(Stored items)
=-=-=-=-=

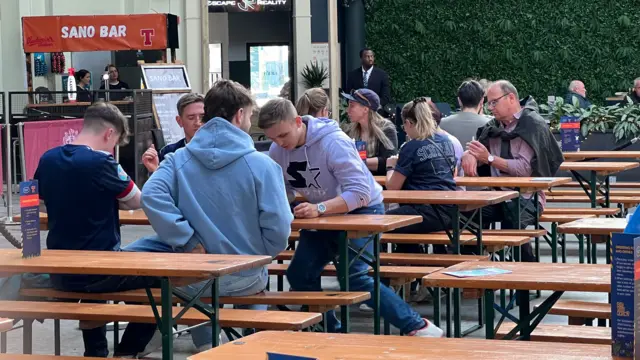 Fans at the Merchant Square fanzone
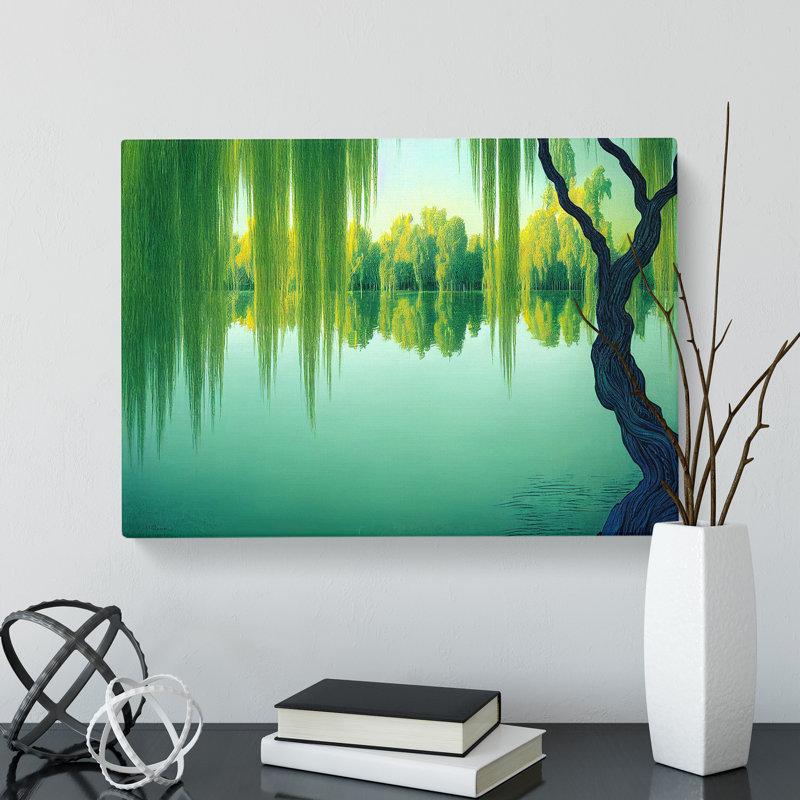 Ethereal Weeping Willow Trees - Wrapped Canvas, 50cm H x 76cm W x 3cm D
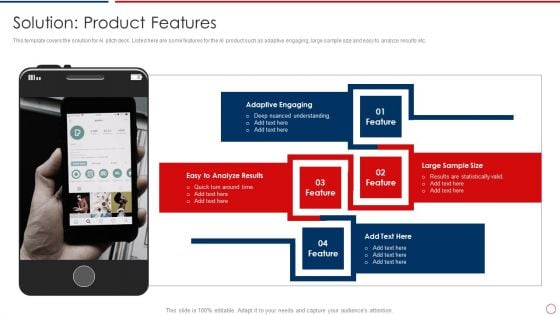 Machine Learning Investor Pitch Deck Solution Product Features Ppt Styles Gallery PDF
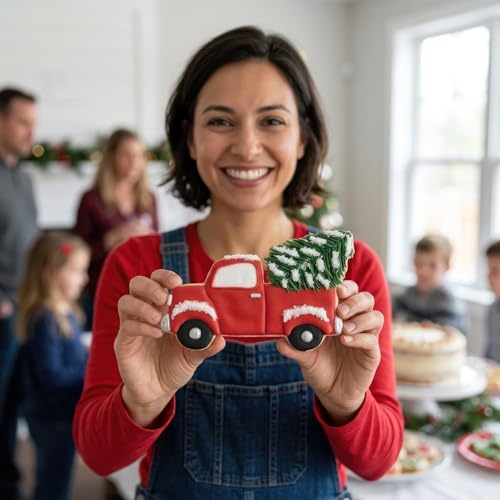 Ann Clark Extra Large Vintage Pickup Truck with Christmas Tree Cookie Cutter, 5
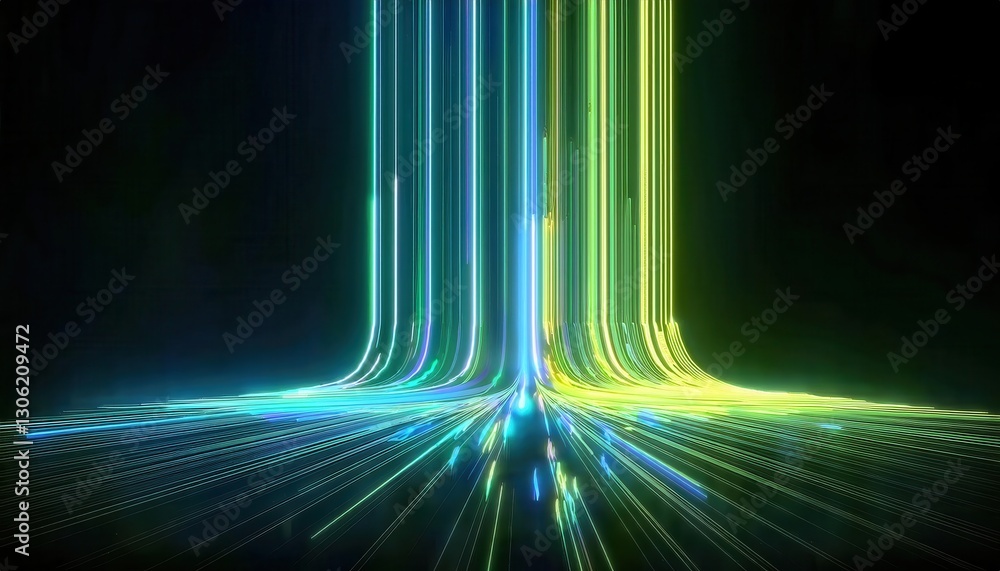Poster futuristic neon light streaks in digital vortex, glowing data streams forming curved energy paths on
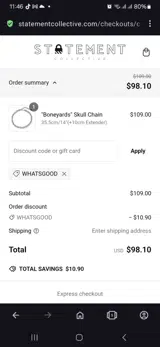 Whatsgood coupon verification screenshot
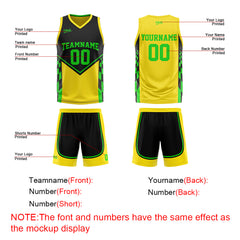Custom Black Yellow Light Green Reversible Basketball Suit for Adults and Kids Personalized Jersey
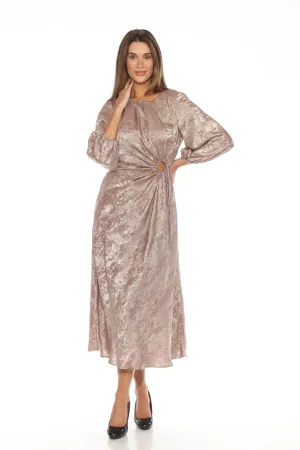 Joseph Ribkoff Beige/Gold Metallic Cutout Detail Puff Sleeve Maxi Dress 243760
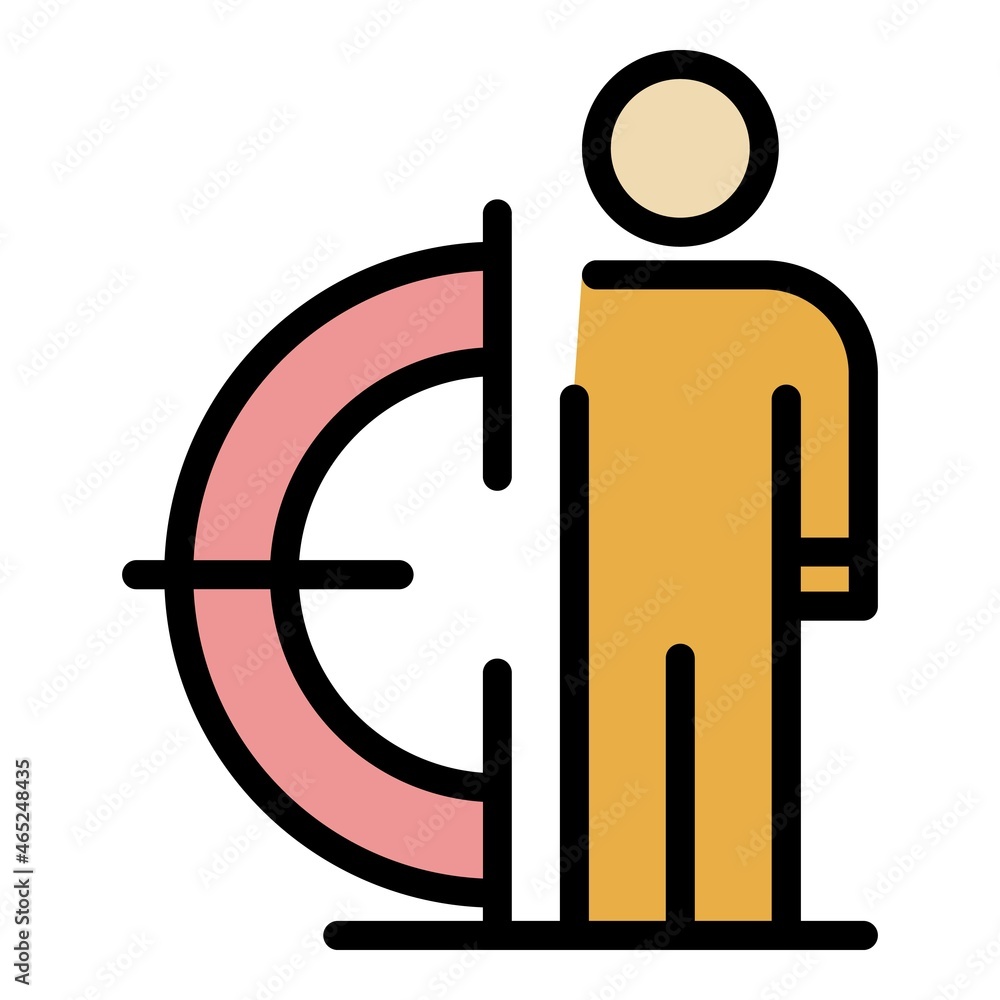 Poster office manager target icon. outline office manager target vector icon color flat isolated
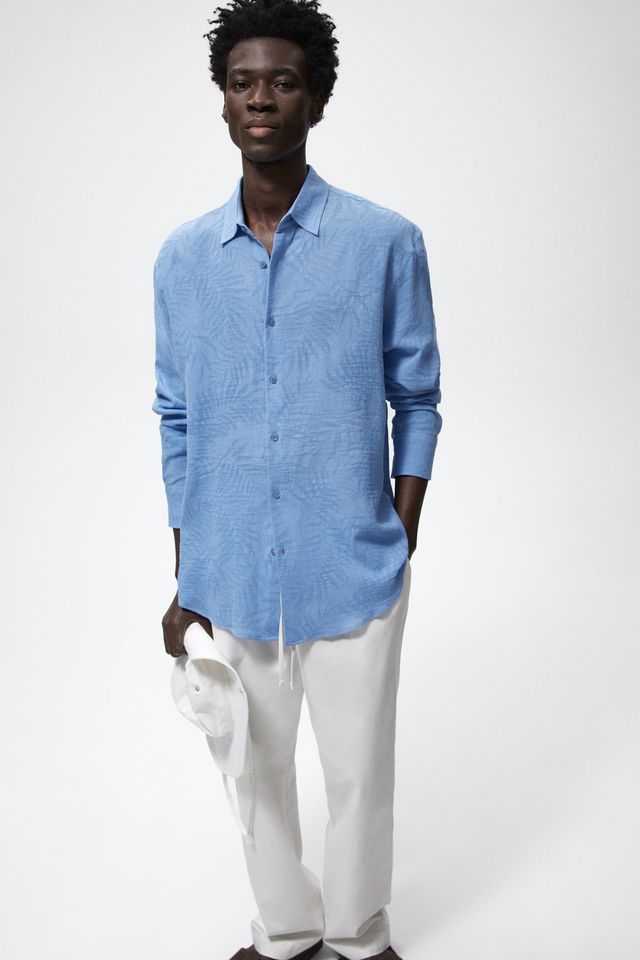 ZARA PALM TREE JACQUARD SHIRT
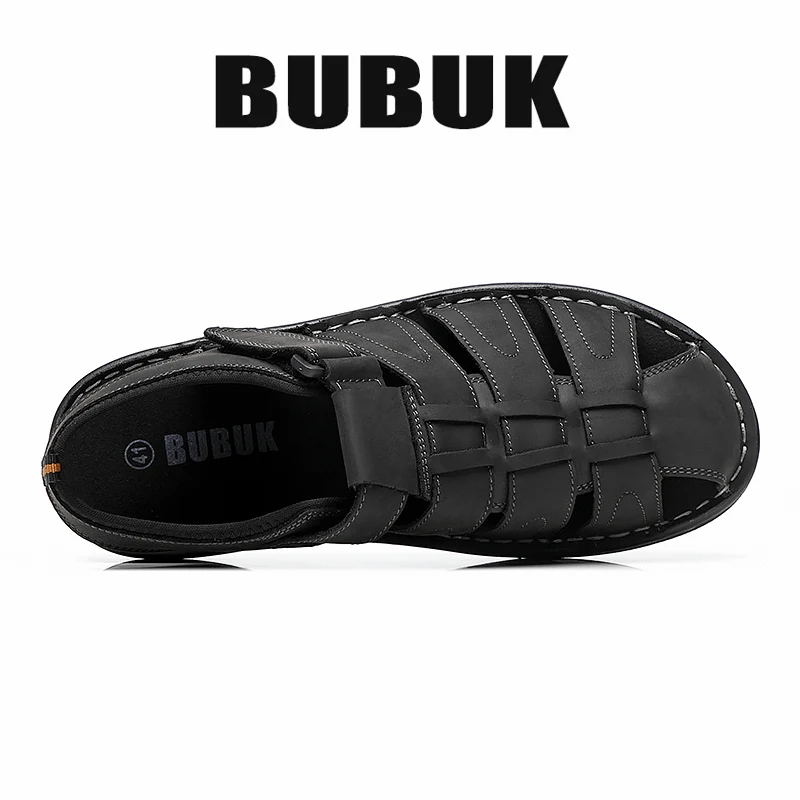 Bubuk Men's Sports Sandals Made of Top-Grain Leather, Open-Toe Outdoor Non-Slip Casual Shoes, Fashionable Outdoor Beach Shoes, Lightweight and Comfortable, Suitable for Both Men and Women, Ideal for Outdoor Hiking, Travel, and Work
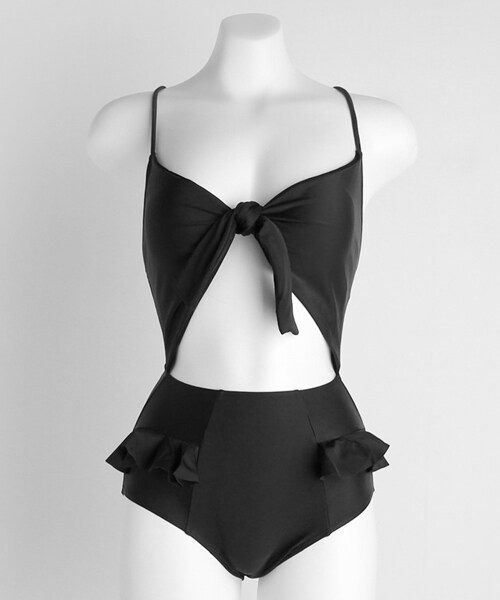 DHOLIC（ディーホリック）の「リボンフリルワンピース水着（水着・レディース・グリーン/ブラウン/ホワイト/オレンジ/ブラック/パープル・FREE）」の3枚目の写真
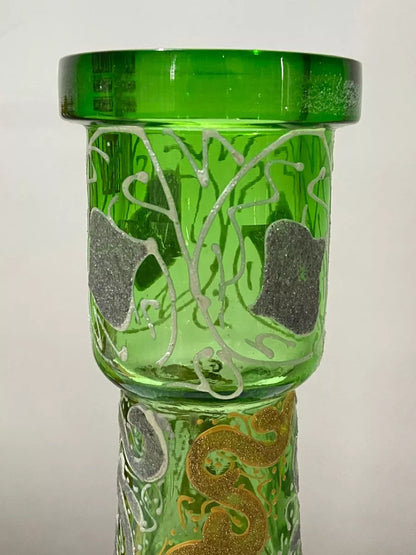 Vaso Antigo Narguilé Vidro Verde Detalhes Dourados Prateados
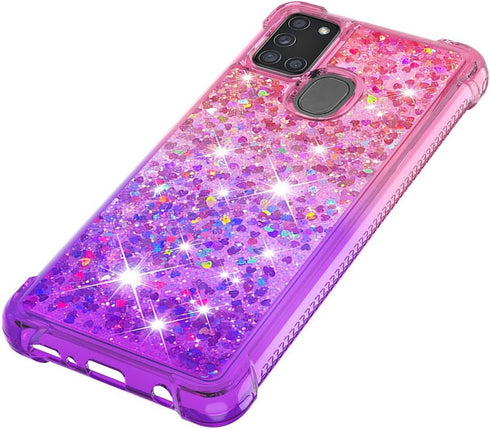 for Samsung Galaxy A21S Case with Tempered Glass Screen Protector,Women Girls Glitter Bling Floating Liquid Cute Soft TPU Shockproof Protective Ph...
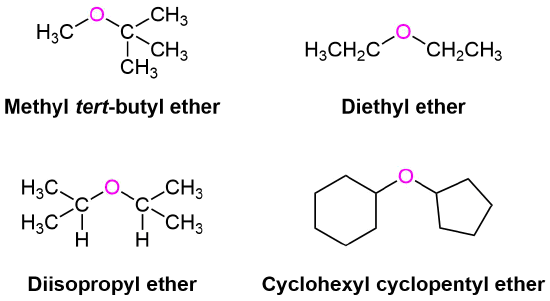 Bond line drawings of methyl tert-butyl ether, diethyl ether, diisopropyl ether, and cyclohexyl cyclopentyl ether.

=-=-=-=-=

> [Your task]: Without any picture, return exactly the lines of the records above from the first through the line that contains "Custom Black Yellow".

> [Response to this task]:
 Fans at the Merchant Square fanzone
 Ethereal Weeping Willow Trees - Wrapped Canvas, 50cm H x 76cm W x 3cm D
 Machine Learning Investor Pitch Deck Solution Product Features Ppt Styles Gallery PDF
 Ann Clark Extra Large Vintage Pickup Truck with Christmas Tree Cookie Cutter, 5
Poster futuristic neon light streaks in digital vortex, glowing data streams forming curved energy paths on
 Whatsgood coupon verification screenshot
Custom Black Yellow Light Green Reversible Basketball Suit for Adults and Kids Personalized Jersey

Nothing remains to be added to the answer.